Any function may be called from the RHS, which greatly contributes to the power of CLIPS. Many other CLIPS functions are available that may return with numbers, symbols, or strings. These functions may be used for their return values or for their side-effects. An example of a function only used for its side-effect is (printout). The value returned by the (printout) is meaningless. The importance of (printout) is in its side-effect of output. In general, functions may have nested arguments if appropriate to your desired effect.

Before a file can be accessed for reading or writing, it must be opened using the open function. The number of files that can be opened at once is dependent on your operating system and hardware. When you no longer need to access a file, you should close it with the close function. Unless a file is closed, there is no guarantee that the information written to it will be saved.
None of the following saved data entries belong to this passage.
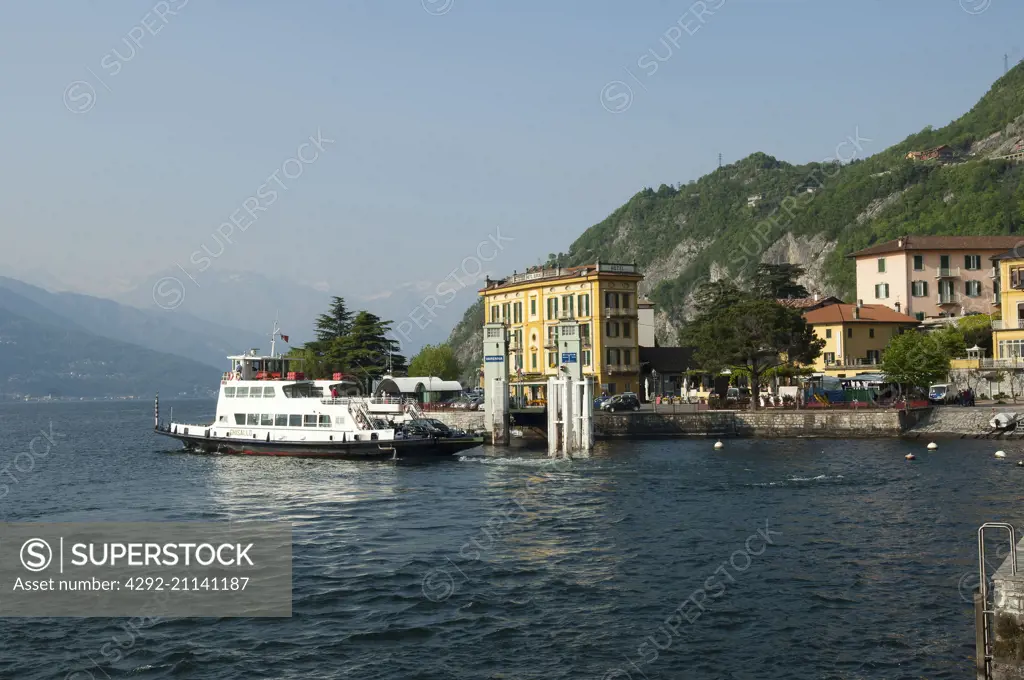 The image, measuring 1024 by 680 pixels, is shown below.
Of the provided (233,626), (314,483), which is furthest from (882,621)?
(314,483)

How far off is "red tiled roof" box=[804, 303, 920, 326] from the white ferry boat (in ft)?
159

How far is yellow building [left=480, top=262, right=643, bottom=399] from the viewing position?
95.1 metres

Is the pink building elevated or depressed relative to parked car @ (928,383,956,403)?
elevated

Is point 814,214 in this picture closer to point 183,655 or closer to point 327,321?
point 327,321

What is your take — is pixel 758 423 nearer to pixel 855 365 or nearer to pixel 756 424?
pixel 756 424

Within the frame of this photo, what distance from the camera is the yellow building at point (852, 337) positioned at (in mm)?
98406

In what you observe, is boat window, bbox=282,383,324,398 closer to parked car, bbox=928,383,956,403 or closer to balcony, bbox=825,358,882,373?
parked car, bbox=928,383,956,403

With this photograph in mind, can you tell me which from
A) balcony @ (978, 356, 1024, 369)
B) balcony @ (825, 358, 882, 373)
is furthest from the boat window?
balcony @ (978, 356, 1024, 369)

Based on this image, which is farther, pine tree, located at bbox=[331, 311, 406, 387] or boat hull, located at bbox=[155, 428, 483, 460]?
pine tree, located at bbox=[331, 311, 406, 387]

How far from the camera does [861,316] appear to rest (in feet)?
330

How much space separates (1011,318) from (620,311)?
33.4 metres

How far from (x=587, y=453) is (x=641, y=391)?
3628 cm

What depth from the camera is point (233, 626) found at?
24.8m

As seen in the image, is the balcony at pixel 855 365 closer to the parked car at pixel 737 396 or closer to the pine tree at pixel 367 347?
the parked car at pixel 737 396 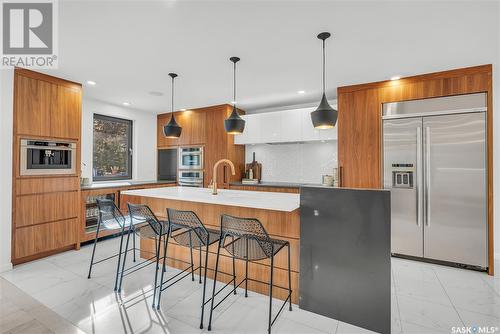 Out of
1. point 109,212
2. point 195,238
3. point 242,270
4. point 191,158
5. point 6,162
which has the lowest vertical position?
point 242,270

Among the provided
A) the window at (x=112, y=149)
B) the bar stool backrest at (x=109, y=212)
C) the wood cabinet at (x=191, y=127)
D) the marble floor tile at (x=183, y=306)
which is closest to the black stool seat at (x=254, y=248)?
the marble floor tile at (x=183, y=306)

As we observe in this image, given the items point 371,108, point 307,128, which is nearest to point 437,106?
point 371,108

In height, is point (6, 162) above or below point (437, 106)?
below

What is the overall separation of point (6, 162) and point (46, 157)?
1.35 feet

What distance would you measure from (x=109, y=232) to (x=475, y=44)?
5.45m

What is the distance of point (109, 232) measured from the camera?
13.5 feet

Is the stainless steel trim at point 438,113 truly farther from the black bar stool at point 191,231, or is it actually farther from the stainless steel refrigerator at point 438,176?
the black bar stool at point 191,231

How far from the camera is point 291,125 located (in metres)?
4.23

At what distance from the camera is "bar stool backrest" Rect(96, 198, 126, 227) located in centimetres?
273

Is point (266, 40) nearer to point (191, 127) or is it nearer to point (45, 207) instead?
point (191, 127)

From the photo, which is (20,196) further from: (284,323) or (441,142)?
(441,142)

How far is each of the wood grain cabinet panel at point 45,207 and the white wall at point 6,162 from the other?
Answer: 0.11 m

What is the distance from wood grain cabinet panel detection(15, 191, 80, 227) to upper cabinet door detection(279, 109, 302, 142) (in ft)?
11.2

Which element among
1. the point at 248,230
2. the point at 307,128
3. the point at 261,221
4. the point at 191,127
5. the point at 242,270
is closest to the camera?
the point at 248,230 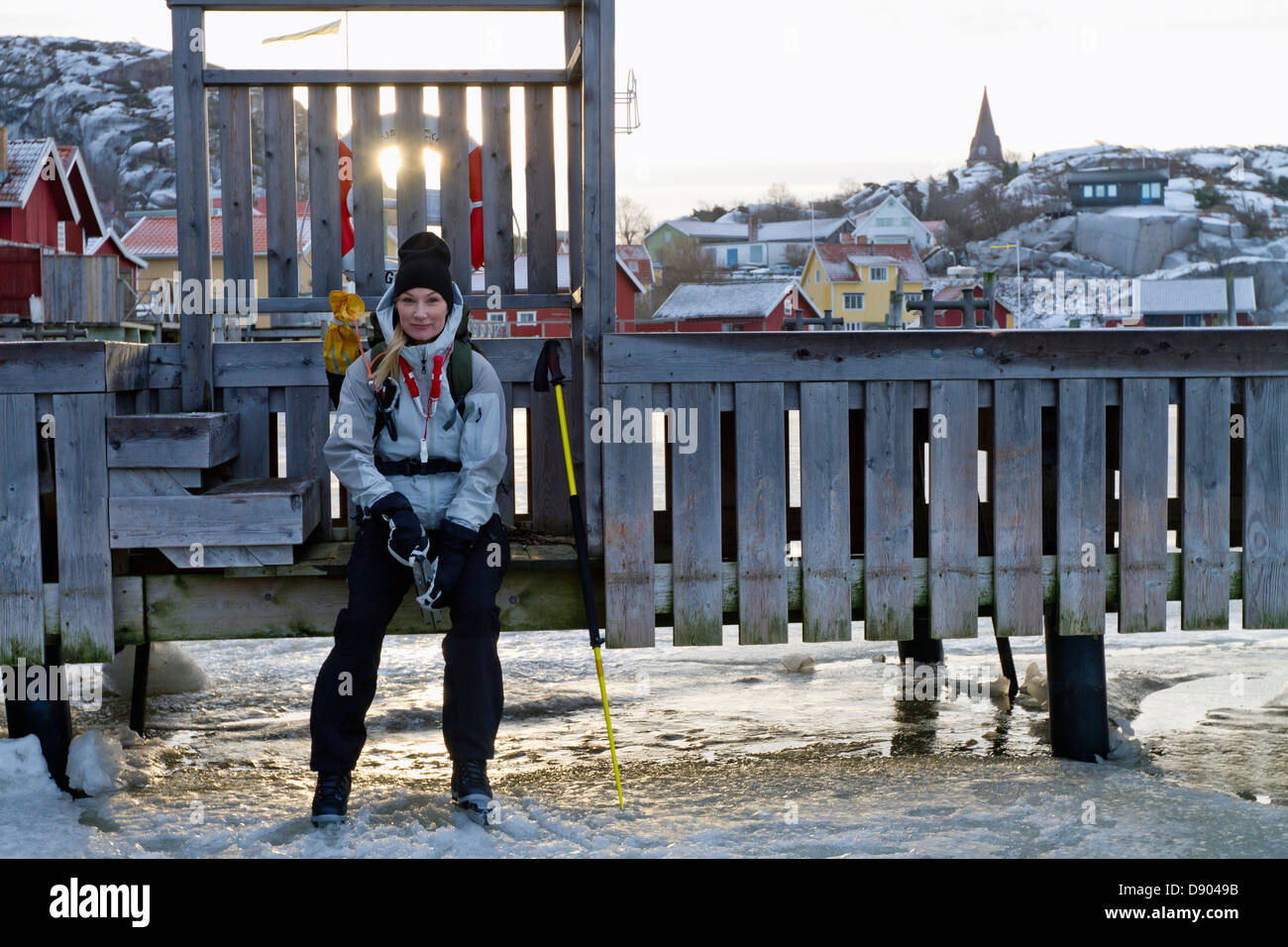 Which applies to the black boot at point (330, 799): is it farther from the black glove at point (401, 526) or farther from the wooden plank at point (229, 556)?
the wooden plank at point (229, 556)

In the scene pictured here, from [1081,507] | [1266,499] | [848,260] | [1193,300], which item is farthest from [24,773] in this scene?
[1193,300]

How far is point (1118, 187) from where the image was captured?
166 meters

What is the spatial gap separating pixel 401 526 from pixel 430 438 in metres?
0.42

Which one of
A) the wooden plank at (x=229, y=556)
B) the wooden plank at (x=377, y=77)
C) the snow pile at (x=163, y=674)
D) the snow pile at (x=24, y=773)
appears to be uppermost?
the wooden plank at (x=377, y=77)

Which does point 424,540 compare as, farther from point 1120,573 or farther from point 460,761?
point 1120,573

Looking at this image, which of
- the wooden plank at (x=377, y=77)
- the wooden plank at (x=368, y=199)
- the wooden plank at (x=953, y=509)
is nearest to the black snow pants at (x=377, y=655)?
the wooden plank at (x=368, y=199)

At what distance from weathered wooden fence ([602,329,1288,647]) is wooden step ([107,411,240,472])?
66.9 inches

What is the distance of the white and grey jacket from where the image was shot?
5.04m

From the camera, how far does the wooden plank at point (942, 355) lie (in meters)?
5.89

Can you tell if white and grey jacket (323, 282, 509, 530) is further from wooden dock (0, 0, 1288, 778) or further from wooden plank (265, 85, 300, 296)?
wooden plank (265, 85, 300, 296)

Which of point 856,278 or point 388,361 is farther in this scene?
point 856,278

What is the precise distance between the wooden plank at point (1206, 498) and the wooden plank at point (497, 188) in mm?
3180

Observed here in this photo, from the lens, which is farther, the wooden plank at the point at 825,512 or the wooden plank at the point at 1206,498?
the wooden plank at the point at 1206,498

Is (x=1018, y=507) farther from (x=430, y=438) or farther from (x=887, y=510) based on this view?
(x=430, y=438) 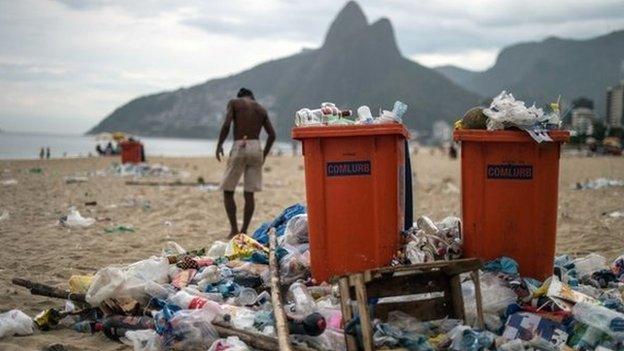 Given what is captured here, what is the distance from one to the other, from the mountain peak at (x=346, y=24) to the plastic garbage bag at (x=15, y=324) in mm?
184144

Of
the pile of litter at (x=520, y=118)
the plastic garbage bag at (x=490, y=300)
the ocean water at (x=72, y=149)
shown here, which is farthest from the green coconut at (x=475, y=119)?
the ocean water at (x=72, y=149)

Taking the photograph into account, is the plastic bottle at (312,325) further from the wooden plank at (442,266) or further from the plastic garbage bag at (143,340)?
the plastic garbage bag at (143,340)

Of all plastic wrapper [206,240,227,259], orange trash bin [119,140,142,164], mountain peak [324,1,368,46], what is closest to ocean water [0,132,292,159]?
orange trash bin [119,140,142,164]

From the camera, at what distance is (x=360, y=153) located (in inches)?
156

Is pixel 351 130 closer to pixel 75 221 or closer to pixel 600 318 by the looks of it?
pixel 600 318

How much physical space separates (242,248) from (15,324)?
6.27 ft

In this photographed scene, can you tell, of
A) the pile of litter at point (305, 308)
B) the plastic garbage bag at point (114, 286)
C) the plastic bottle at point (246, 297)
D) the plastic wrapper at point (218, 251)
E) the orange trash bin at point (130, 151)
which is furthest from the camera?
the orange trash bin at point (130, 151)

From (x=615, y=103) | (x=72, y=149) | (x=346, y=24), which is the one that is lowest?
(x=72, y=149)

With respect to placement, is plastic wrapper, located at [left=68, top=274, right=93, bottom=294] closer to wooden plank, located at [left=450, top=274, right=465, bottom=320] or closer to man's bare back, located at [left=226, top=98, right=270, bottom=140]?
wooden plank, located at [left=450, top=274, right=465, bottom=320]

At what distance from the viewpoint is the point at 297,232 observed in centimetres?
479

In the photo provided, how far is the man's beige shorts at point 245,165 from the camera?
23.0 feet

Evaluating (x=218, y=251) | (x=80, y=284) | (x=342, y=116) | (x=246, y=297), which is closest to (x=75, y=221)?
(x=218, y=251)

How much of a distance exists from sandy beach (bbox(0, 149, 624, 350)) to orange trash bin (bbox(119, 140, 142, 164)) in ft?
25.4

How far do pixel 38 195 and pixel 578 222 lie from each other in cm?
1015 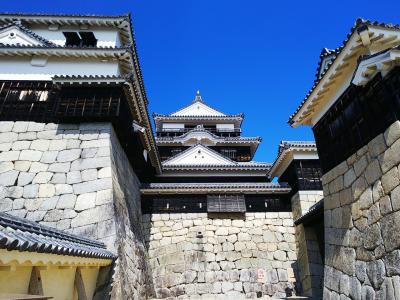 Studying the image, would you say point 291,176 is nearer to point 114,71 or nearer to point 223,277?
point 223,277

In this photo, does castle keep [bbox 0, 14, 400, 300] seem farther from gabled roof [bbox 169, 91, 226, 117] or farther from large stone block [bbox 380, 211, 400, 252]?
gabled roof [bbox 169, 91, 226, 117]

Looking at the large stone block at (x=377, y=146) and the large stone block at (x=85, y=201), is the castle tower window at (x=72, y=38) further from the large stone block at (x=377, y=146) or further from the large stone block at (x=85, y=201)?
Result: the large stone block at (x=377, y=146)

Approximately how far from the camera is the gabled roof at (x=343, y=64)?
5285mm

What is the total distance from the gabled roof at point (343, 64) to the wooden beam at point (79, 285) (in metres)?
6.78

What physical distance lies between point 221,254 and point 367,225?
7.10 m

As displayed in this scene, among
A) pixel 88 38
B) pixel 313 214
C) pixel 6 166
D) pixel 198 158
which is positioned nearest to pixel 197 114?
pixel 198 158

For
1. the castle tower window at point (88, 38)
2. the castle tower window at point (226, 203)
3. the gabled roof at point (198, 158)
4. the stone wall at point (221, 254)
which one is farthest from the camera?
the gabled roof at point (198, 158)

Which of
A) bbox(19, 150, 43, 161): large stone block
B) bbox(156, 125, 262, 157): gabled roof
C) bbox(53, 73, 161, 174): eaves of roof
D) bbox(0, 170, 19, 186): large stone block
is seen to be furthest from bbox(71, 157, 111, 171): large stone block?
bbox(156, 125, 262, 157): gabled roof

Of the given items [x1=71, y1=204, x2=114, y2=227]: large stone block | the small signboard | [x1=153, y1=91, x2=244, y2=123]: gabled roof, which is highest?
[x1=153, y1=91, x2=244, y2=123]: gabled roof

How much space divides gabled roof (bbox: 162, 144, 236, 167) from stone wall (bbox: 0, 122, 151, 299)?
811cm

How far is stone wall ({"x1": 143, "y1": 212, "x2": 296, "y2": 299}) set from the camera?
10641mm

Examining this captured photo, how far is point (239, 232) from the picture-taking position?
12.0 meters

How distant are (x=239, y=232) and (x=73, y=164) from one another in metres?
7.61

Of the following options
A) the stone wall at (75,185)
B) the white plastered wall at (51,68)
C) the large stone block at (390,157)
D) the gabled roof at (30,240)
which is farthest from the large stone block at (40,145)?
the large stone block at (390,157) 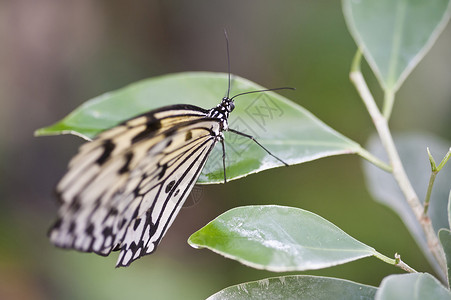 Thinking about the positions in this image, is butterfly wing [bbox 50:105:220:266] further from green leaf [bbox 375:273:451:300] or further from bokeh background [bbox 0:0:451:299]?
bokeh background [bbox 0:0:451:299]

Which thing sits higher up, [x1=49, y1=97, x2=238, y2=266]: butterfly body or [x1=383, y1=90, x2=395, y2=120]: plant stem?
[x1=383, y1=90, x2=395, y2=120]: plant stem

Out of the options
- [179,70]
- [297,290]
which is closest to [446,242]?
[297,290]

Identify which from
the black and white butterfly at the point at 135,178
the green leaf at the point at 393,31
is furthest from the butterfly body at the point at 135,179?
the green leaf at the point at 393,31

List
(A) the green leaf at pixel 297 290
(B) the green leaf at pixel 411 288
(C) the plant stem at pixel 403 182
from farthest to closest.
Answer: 1. (C) the plant stem at pixel 403 182
2. (A) the green leaf at pixel 297 290
3. (B) the green leaf at pixel 411 288

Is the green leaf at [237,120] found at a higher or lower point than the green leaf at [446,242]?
higher

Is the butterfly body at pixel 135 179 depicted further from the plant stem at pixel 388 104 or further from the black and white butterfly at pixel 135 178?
the plant stem at pixel 388 104

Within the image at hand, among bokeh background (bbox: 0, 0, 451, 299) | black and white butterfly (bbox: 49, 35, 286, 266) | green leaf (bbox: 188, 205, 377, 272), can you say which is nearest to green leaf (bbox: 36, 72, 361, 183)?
Answer: black and white butterfly (bbox: 49, 35, 286, 266)

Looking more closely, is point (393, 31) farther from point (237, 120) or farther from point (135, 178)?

The logical name of a file is how CLIPS identifies the file. The logical name is a global name by which CLIPS knows this file in all rules. Although the logical name could be identical to the filename, you may want to use something different. Another advantage of a logical name is that you can easily substitute a different filename without making major program changes.

The function to read data from a file is the familiar (read) or (readline). The only new thing that you have to do is to specify the logical name from which to read as the argument of (read) or (readline).

To (read) more than one field, you must use a loop. Even with (readline), a loop is necessary to read multiple lines. A loop can be written by having one rule trigger another or with a while-loop. The loop should not try to read past the end of file or the operating system will issue an error message. To help prevent this, CLIPS returns an EOF symbolic field if you try to read past the end of file (EOF).

The evaluation function, eval, is used for evaluating any string or symbol except the "def" type constructs such as defrule, deffacts, etc., as if entered at the top- level. The build function takes care of the "def" type constructs. The (build) function is the complement of (eval). The build function evaluates a string or symbol as if it were entered at the top-level and returns TRUE if the argument is a legal def-type construct such as (defrule), (deffacts), and so forth.